[PROBLEM DESCRIPTION]
Output every line below without omitting or altering anything.

*** Opening DATA SHOWN ***

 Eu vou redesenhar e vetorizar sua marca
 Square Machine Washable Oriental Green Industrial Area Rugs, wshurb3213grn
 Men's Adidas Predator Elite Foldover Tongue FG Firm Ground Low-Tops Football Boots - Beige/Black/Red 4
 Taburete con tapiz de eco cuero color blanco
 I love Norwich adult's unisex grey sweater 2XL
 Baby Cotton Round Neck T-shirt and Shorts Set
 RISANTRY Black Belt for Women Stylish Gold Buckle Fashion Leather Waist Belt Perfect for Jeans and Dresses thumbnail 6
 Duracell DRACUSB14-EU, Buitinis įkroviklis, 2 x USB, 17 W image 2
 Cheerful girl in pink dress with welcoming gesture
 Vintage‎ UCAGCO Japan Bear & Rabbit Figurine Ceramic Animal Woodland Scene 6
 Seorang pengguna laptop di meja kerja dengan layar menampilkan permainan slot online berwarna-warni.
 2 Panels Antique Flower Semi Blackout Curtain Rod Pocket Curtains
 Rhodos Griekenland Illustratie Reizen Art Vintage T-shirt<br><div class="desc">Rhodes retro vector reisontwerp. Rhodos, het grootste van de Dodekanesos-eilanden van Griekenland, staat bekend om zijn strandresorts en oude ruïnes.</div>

*** Closing DATA SHOWN ***

[FINISHED EXERCISE]
 Eu vou redesenhar e vetorizar sua marca
 Square Machine Washable Oriental Green Industrial Area Rugs, wshurb3213grn
 Men's Adidas Predator Elite Foldover Tongue FG Firm Ground Low-Tops Football Boots - Beige/Black/Red 4
 Taburete con tapiz de eco cuero color blanco
 I love Norwich adult's unisex grey sweater 2XL
 Baby Cotton Round Neck T-shirt and Shorts Set
 RISANTRY Black Belt for Women Stylish Gold Buckle Fashion Leather Waist Belt Perfect for Jeans and Dresses thumbnail 6
 Duracell DRACUSB14-EU, Buitinis įkroviklis, 2 x USB, 17 W image 2
 Cheerful girl in pink dress with welcoming gesture
 Vintage‎ UCAGCO Japan Bear & Rabbit Figurine Ceramic Animal Woodland Scene 6
 Seorang pengguna laptop di meja kerja dengan layar menampilkan permainan slot online berwarna-warni.
 2 Panels Antique Flower Semi Blackout Curtain Rod Pocket Curtains
 Rhodos Griekenland Illustratie Reizen Art Vintage T-shirt<br><div class="desc">Rhodes retro vector reisontwerp. Rhodos, het grootste van de Dodekanesos-eilanden van Griekenland, staat bekend om zijn strandresorts en oude ruïnes.</div>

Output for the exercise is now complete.